Wednesday Winners (& Losers)

A weekly roundup of good deeds, missteps, heroic feats and epic failures in the tri-state region and beyond.


NYC Mayor Bill de Blasio  Mayor de Blasio announced the formation of a working group, comprised of the New York City Police Department, Department of Transportation, Department of Health & Mental Hygiene and the Taxi & Limousine Commission, which will be tasked with developing a Vision Zero plan by February 15. He also said that New York City “should not have to constantly go to Albany,” and will pursue home rule over speed enforcement cameras.

Hackensack, NJ  Mayor John Labrosse and the Hackensack City Council are aggressively seeking to be New Jersey’s next Transit Village.

Senator Chris Murphy (CT)  Senator Murphy will lobby for a federal TIGER VI grant to help fund improvements to New Haven’s Orange Street, a critical component of the Elm City’s Downtown Crossing project.

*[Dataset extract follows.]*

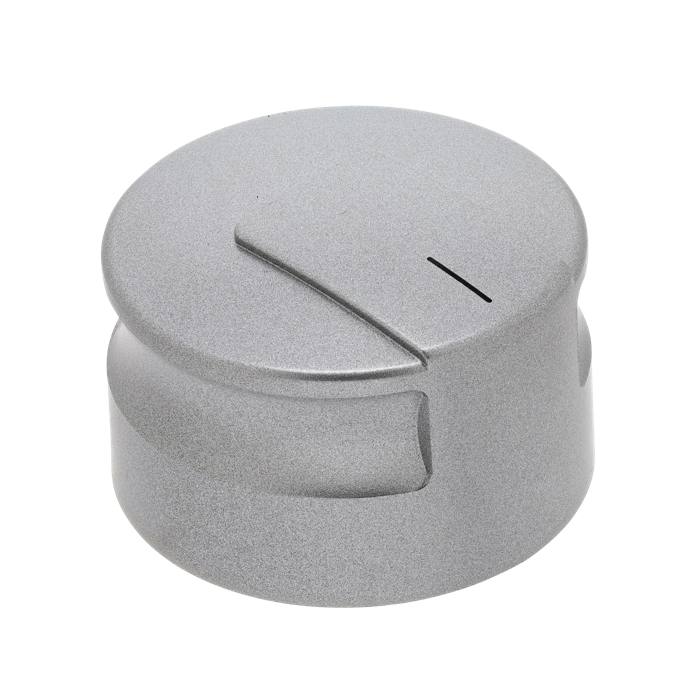 KNEBEL,GEDRUCKT,INOX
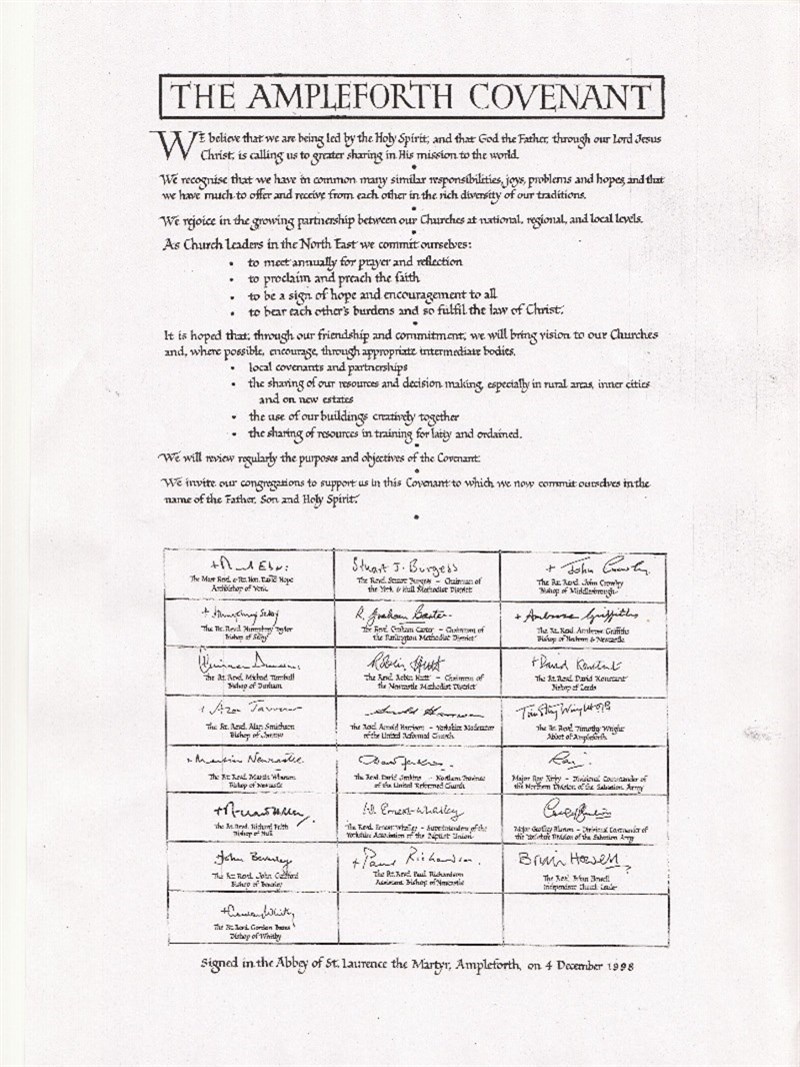 Covenant Document 1998 (002)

NYC Councilmembers Mark Levine and Adriano Espaillat  Levine — who is just two weeks into his tenure on the City Council — and Espaillat showed strong leadership, despite resistance from Community Board 10, by urging the City to move forward with a 10-block traffic calming plan for Morningside Avenue in Harlem, where more than three-quarters of households do not own cars.

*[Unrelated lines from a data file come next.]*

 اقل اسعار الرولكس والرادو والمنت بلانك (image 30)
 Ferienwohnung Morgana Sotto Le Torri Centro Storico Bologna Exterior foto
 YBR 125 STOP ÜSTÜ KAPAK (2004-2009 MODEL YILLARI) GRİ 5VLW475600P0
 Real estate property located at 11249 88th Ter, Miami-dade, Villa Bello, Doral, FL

MTA transit riders  New York’s highest court upheld the payroll mobility tax, which generates $1.5 billion annually, or more than 10 percent of the MTA’s total revenues.


U.S. Representative Richard Hanna (NY)  Congressman Hanna questioned the validity of using fuel taxes to fund transit, invoking the myth that “The federal government subsidizes [transit riders], but…people who use the rest of the transportation system have historically paid directly unsubsidized.”

Long Island Rail Road riders  The East Side Access project, which will give Long Island commuters a one-seat ride to Grand Central Terminal, is once again behind schedule and over budget.

NY State Senator David Carlucci  Senator Carlucci proposed a tax break  for motorists who pay tolls in New York — the last thing elected leaders should be focused on, as it will increase congestion and further favor driving over transit.